Which brings us, naturally, to Samantha. Sex and the City was about having sex without feeling bad about it, spending your rent money on clothing you couldn’t afford, blagging your way into an exclusive party to flirt with a gross famous guy, then ditching him to eat McDonald’s with your real soulmates: your friends. Who embodies this more than the overdressed PR executive giving out vibrator advice in an Upper East Side Sharper Image? When I revisit the show for the four hundredth time, it is not to watch an insecure woman fail to date a man in a pork pie hat. It is because I want to see someone actively doing kegels at the bar say something like, “Nipples are huge right now.
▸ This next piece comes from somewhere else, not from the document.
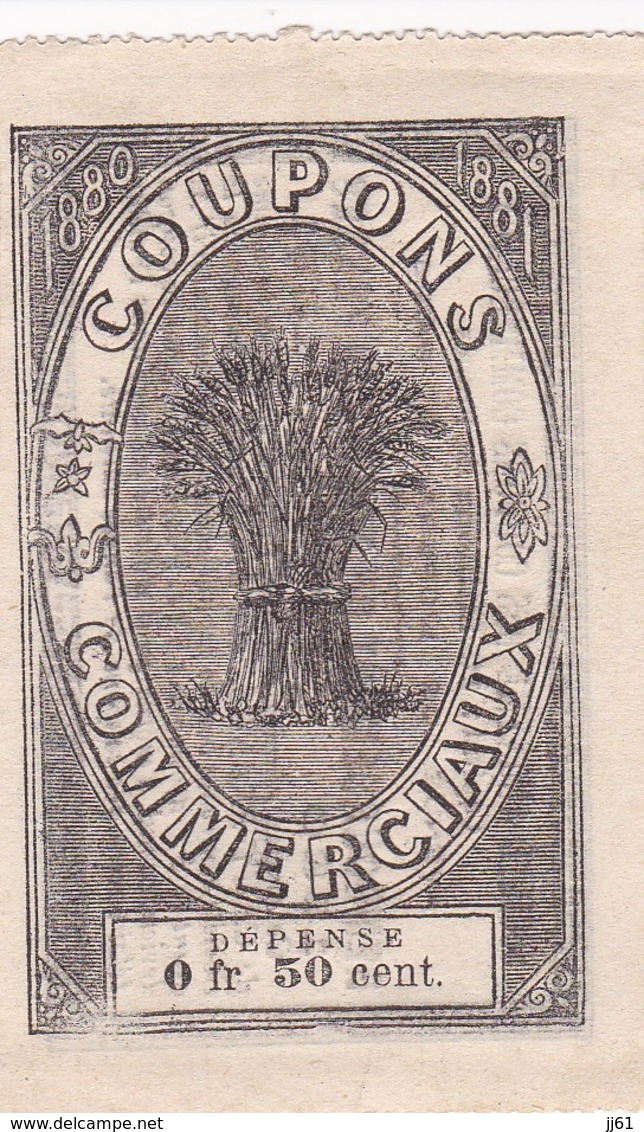 PARIS LOT DE 17 COUPONS COMMERCIAUX FRANCAIS ANNEE 1882 1883 ET UN RECU DE MR DOUVIER LE 18 AVRIL 1882 - Autres & Non Classés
Open any magazine.”

Like her clothing, Sam is loud, over the top, slutty, and peacefully divested from the concept of “age appropriate”. Most of the show’s best lines are delivered in her camp drawl. Whether the girls need a guest list spot, a non-judgemental ear, or someone to fish their diaphragm out of their vagina, Samantha is there. She stands up to Big when Carrie can’t, gives a long-awaited hair appointment to a post-natal Miranda, and gamely ignores Charlotte’s slut-shaming. Not only is she the most reliably good friend of the group (she’d never send her boyfriend to scoop you off your bathroom floor), she’s also the one having the most abundant, experimental sex, insistently focused around her own pleasure. Willing to try anything once, Samantha racks up 42 sexual partners over the series, open-mindedly experimenting with drugs, role play, sex toys, fetishes, and partners of different genders and races, while Carrie spends six years having sex with her bra on.

The most exciting thing about Samantha is her interest in a good time. What’s the point in being a new kind of woman if you’re not going to enjoy it? Whether she’s working, drinking, dressing, or fucking, Samantha has fun. While the rest of her friends are agonising over being chosen by the men in their lives, Samantha is throwing an “I don’t have a baby” shower and hanging an enormous nude photograph of herself in her hallway. She builds her PR business from the ground up, and seems to know everyone in New York. Her life is full, without a partner, because she’s invested fully in herself. When she does embark on serious relationships – with Richard, with Maria, with Smith – she does so with open eyes, and a willingness to end them when they no longer work. In many ways, Samantha breaking up with Smith Jerrod was the ending the series was leading towards: not a romantic rescue in Paris, but a woman choosing herself, and having a great time doing it.

Sex and the City was groundbreaking in its depiction of ageing women leading rich, raucous lives, free from the need to settle down. Of its four main characters, Samantha is most committed to living out that idea, while also making time to get nude in a fireman’s outfit, inside a fire station, during a fire. Though she’s far from a perfect character – her staunch apoliticism, unbothered capitalism and occasionally problematic quips might not sit easily in 2021 – any Sex and the City reboot will be weaker without her. Still, if there’s one thing Samantha knows, it’s when to leave a party.

I’ll love Sam Jones as long as I can breathe and kneel. Though she may be gone for good, whenever the wind whispers through trees I’ll hear it: Lawrence of… my Labia.